Booming notebook and X86 server sales and healthy desktop shipments ensured a rise in shipments of just under 17 per cent compared to the third quarter last year and follows a similar rise in the previous quarter.

Official figures for the quarter show that shipments of desktop systems rose by 8.7 per cent and X86 servers by 28.7 per cent. However, sales of notebooks have clearly boosted the overall figure – up 51 per cent.
According to Ian Gibbs, research analyst with IDC’s European Personal Computing group, the consumer market remains a key driver of growth. ‘Consumer desktop shipments have actually recovered from the negative growth of last quarter.’

‘Business shipments remain positive also – although it is the small and medium businesses who are driving growth here rather than the large corporates.’
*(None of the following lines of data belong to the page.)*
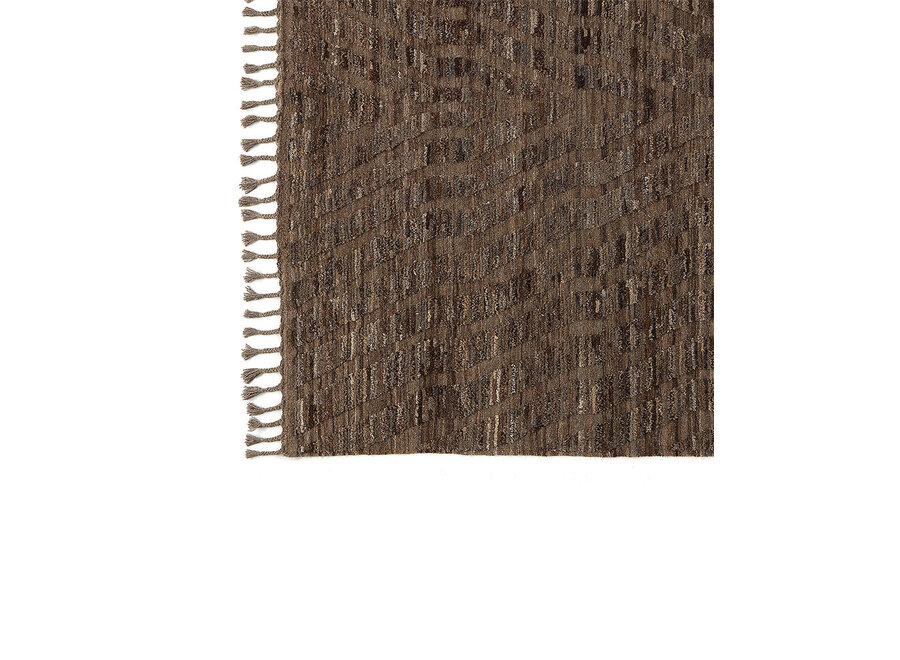 The Handwoven Afghan Rug #0982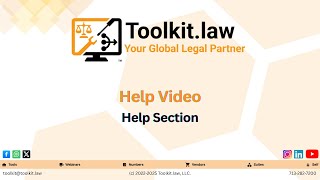 How to Use the Toolkit.law Help Center: Complete Guide for Legal Professionals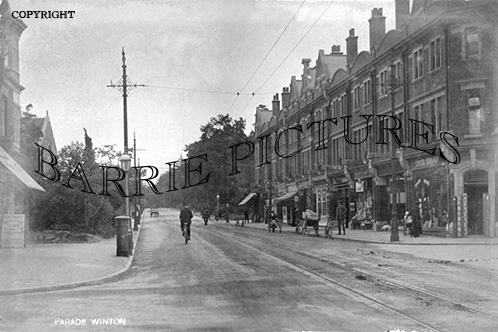 Winton, The Parade c1900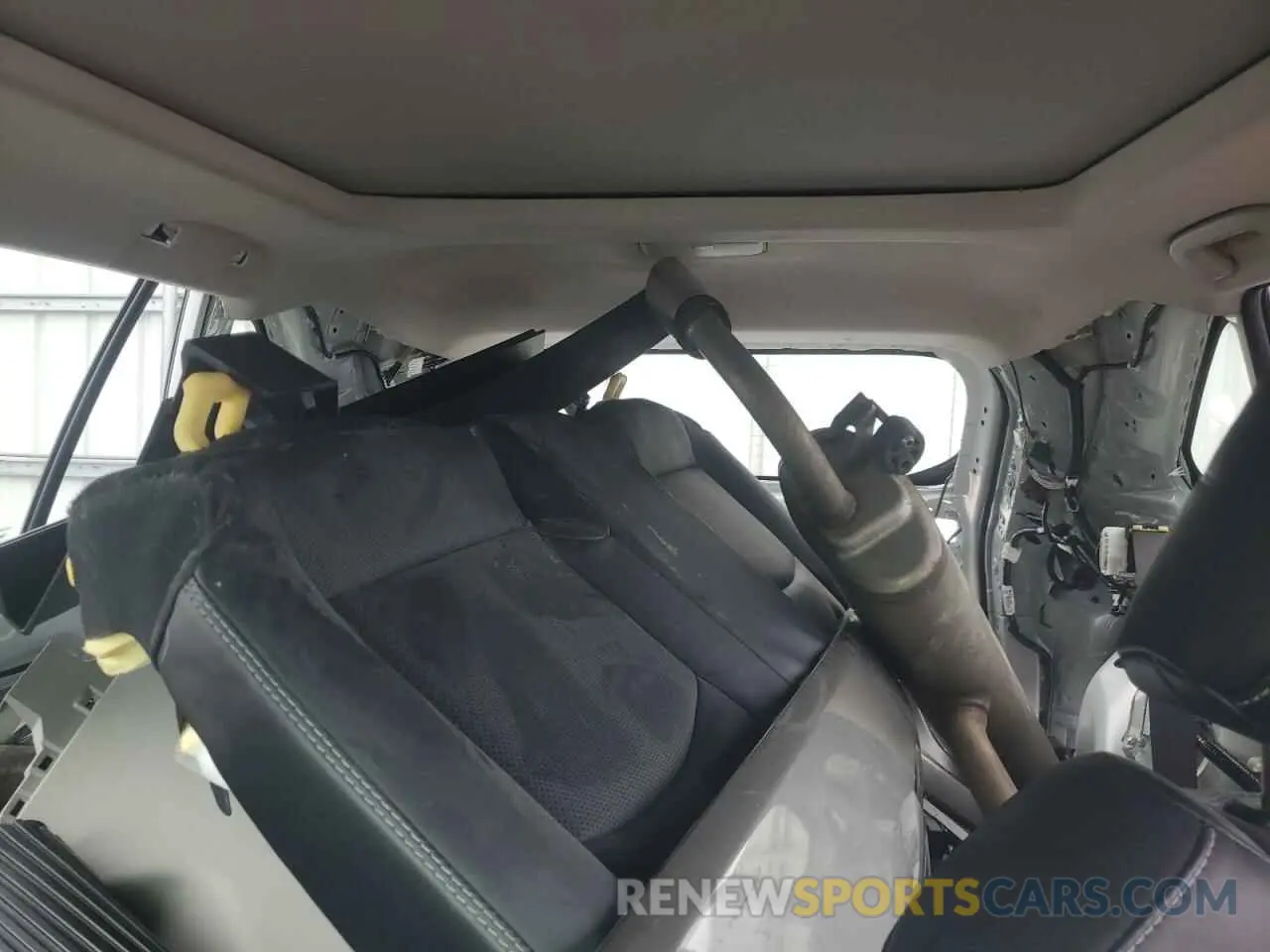 10 fotografías del automóvil dañado JTMD6RFV6NJ016972 TOYOTA RAV4 2022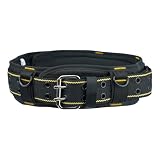 Tool Belt Suspenders Tool Harness for Heavy Duty Work ，Movable shoulder Pads, Quick Clip Suit for CLC, Husky,Dewalt Tool Belt (Black)…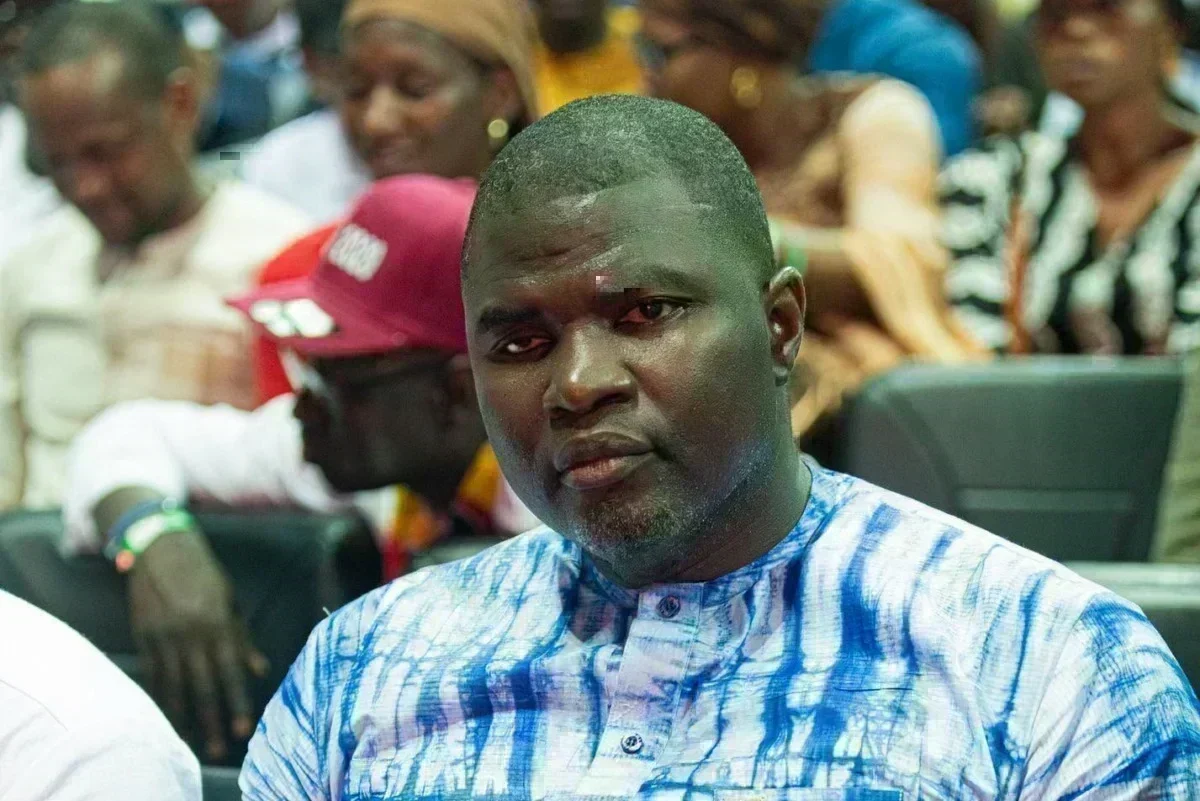 Portrait d'Amadou Ba lors d'un point de presse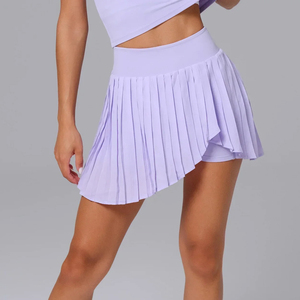 Ensemble débardeur et short de pickleball pour femme, style Racerback, avec citation amusante sur le thème du pickleball, collection Court Queen - Product Image 6
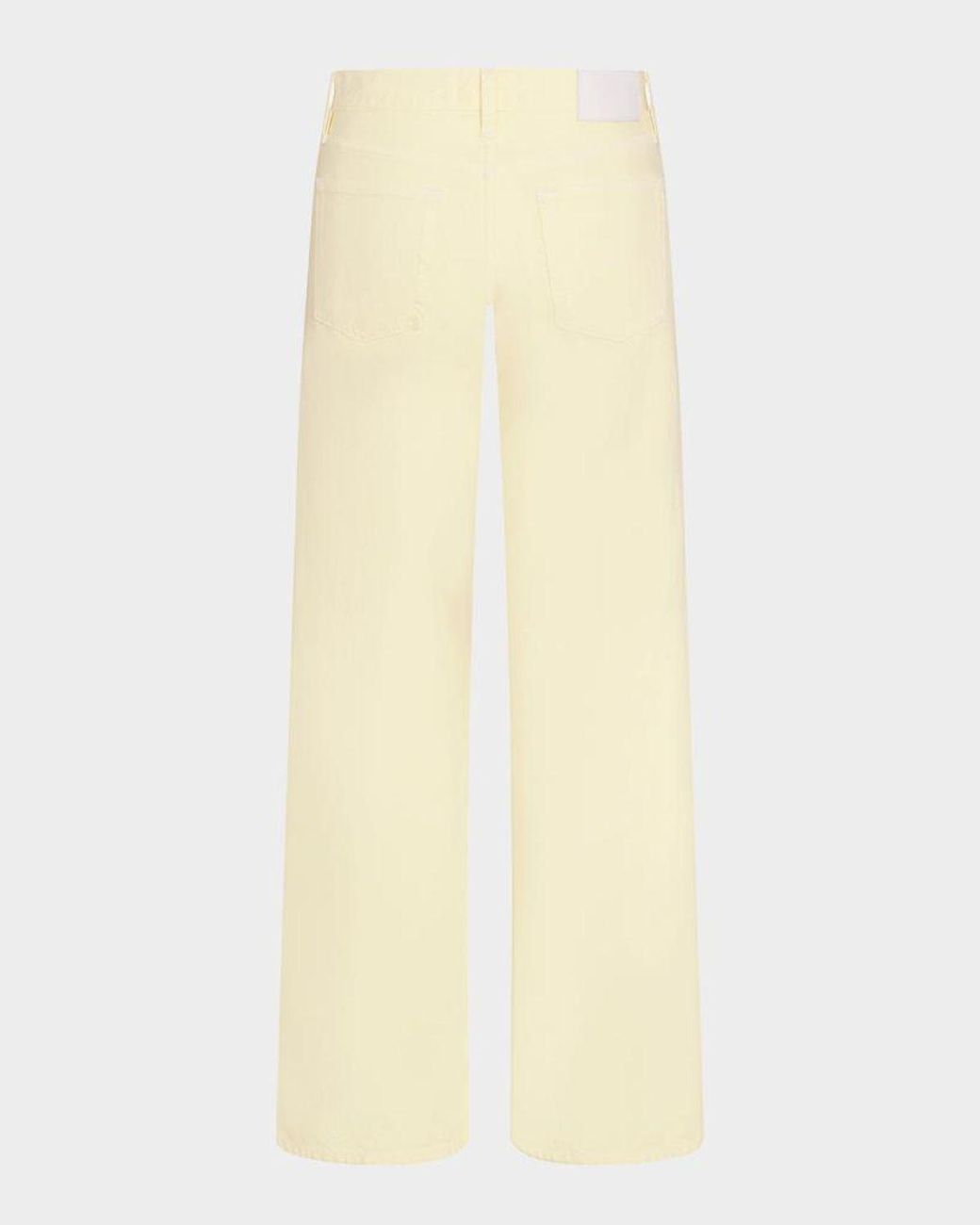 FRAME Natural X Amelia The Pixie Jeans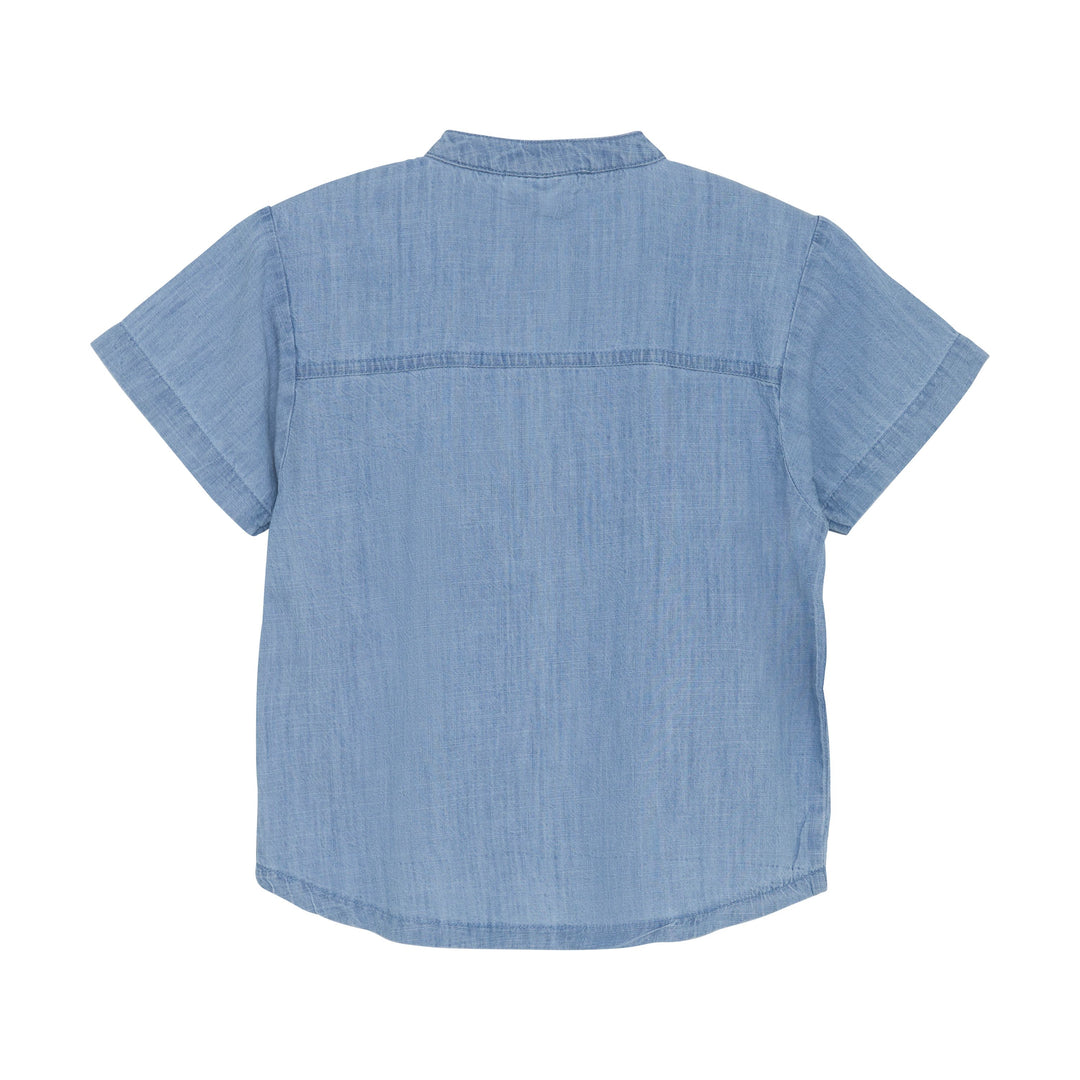 Minymo Boys Chambray Shirt    133912-7023 **
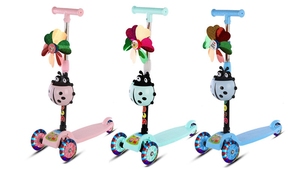 Hot Sale <strong>Electric</strong> <strong>Scooter</strong> with Four PVC Wheels Kids Kick <strong>Scooter</strong> <strong>for</strong> 2-8 <strong>Years</strong> <strong>Old</strong> PU Material Foot Pedal <strong>Scooter</strong> <strong>for</strong> Children - Product Image 4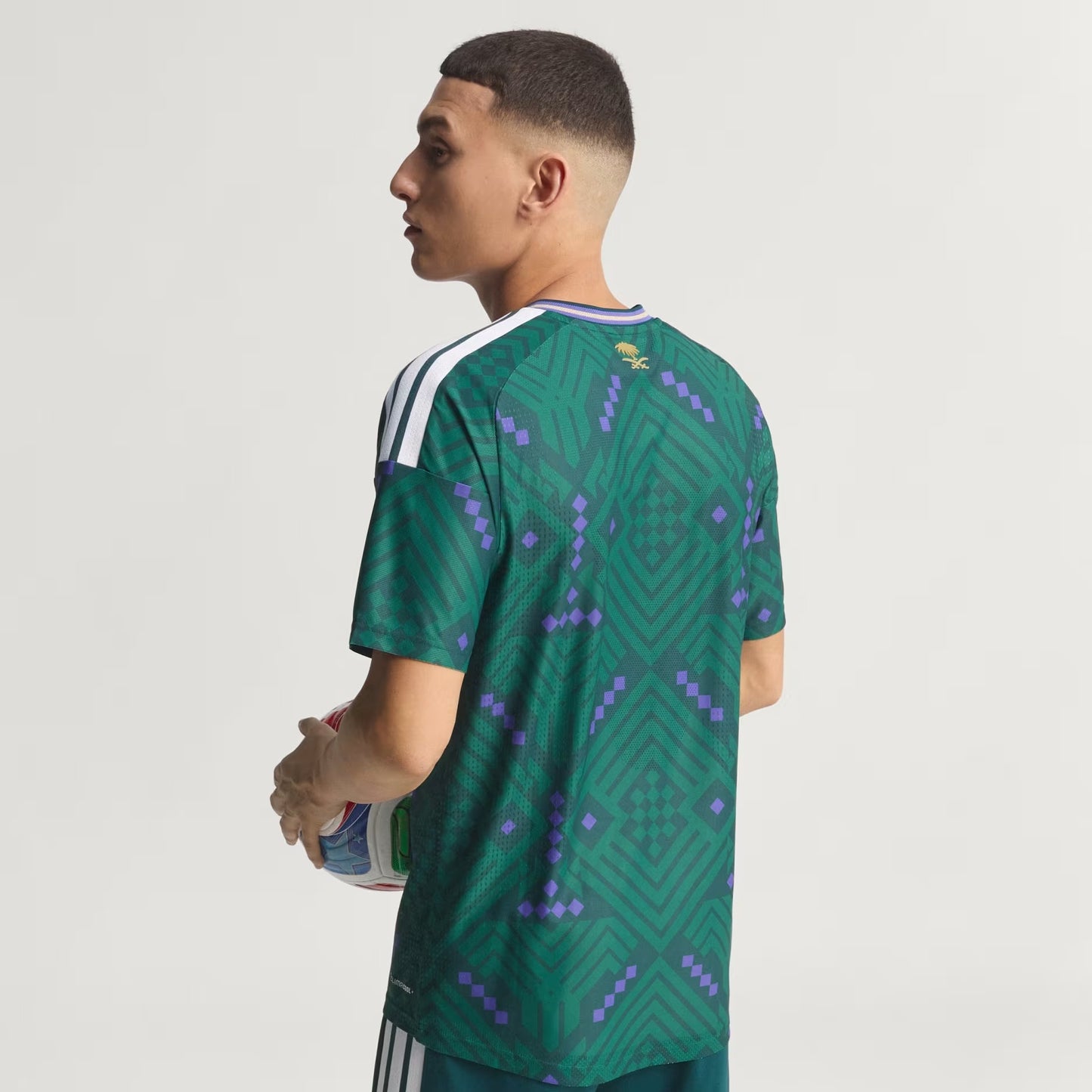 Camisa Arabia Saudita 2026/27 I Jogador - vista traseira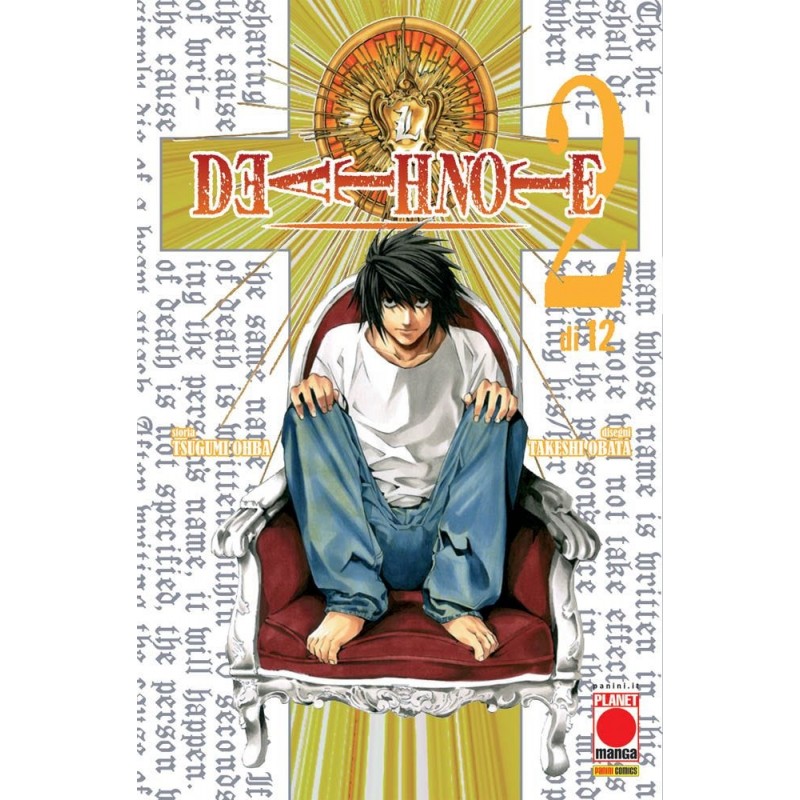 Death Note vol. 2 - Ristampa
Local vendors such as IQon and Computer City and the internationals such as HP and Dell are all experiencing healthy growth alike, IDC says.
Gibbs says that price declines have really driven growth across all segments this quarter in both desktops and notebooks. ‘However, on the flipside, of course, profit margins are being squeezed and vendor revenues remain fairly even year-on-year.’

In terms of PC vendor growth market share year-on-year, IBM has made by far the biggest strides with a 155 per cent growth over the third quarter in 2002. Next up is ‘new HP’ with 20 per cent, market leader Dell with 16 per cent and third placed Fujitsu Siemens with 12 per cent.